Aligned large language models (LLMs) can largely follow people's verbal prompts to generate the desired content. However, control objectives cannot always be described verbally, such as certain reward functions, and LLMs' ability to follow instructions is imperfect, as demonstrated by hallucinations and jailbreak vulnerabilities. In this case, fine-grained control of LLMs can achieve non-verbal objectives to accomplish more tasks and enhance the models' abilities to follow instructions and reason, ultimately maximizing their utility to humans.

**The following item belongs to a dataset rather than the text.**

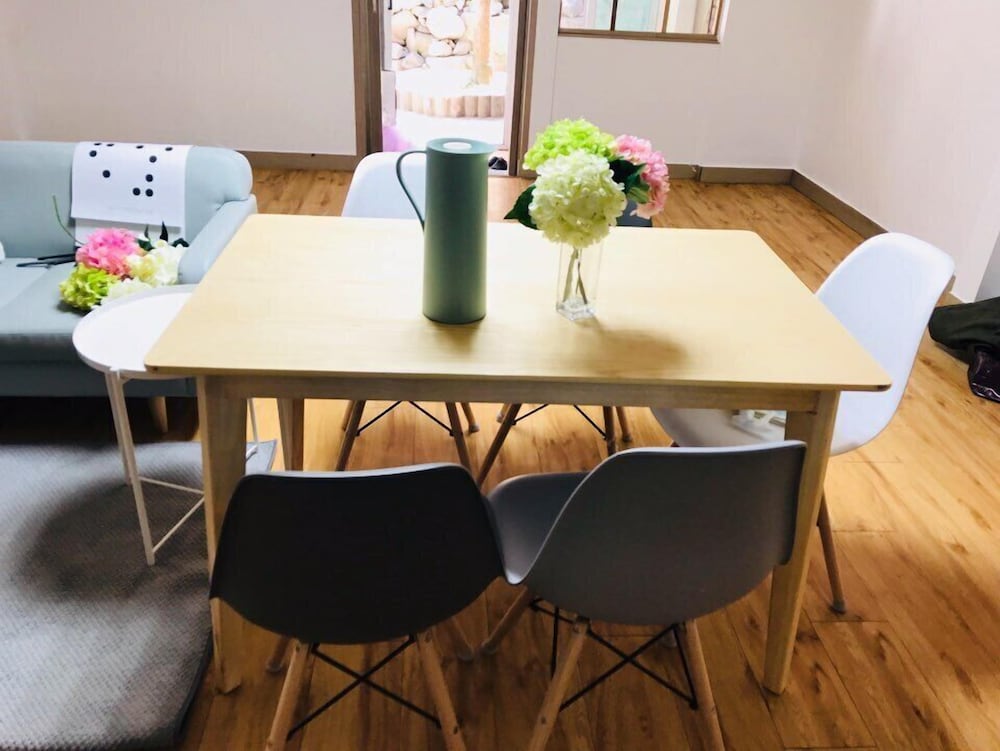 Фото 1 Kay House - Place 4 - Hostel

In this proposal, we introduce a framework for fine-grained control, and instantiate two simple implementations to demonstrate its potential. First, we provide a more unified understanding of controllable generation for LLMs from a sampling perspective, from which we derive a general framework for fine-grained controllable generation. Then, we instantiate the framework on two specific objectives: generating coherent jailbreak prompts and generating harmless prompts that trigger LLMs' false refusals. We also demonstrate on a classification task that allowing models to refine its outputs has the potential to enhance reasoning capabilities. Finally, we outline the steps required to fully implement this framework, aiming at ultimately achieving fine-grained control over LLMs.
Sicheng Zhu is a PhD student at the University of Maryland, College Park where he is advised by Prof. Furong Huang. His research focuses on trustworthy machine learning, including robustness to distribution shift and adversarial examples, and the intersection of these areas with geometric deep learning.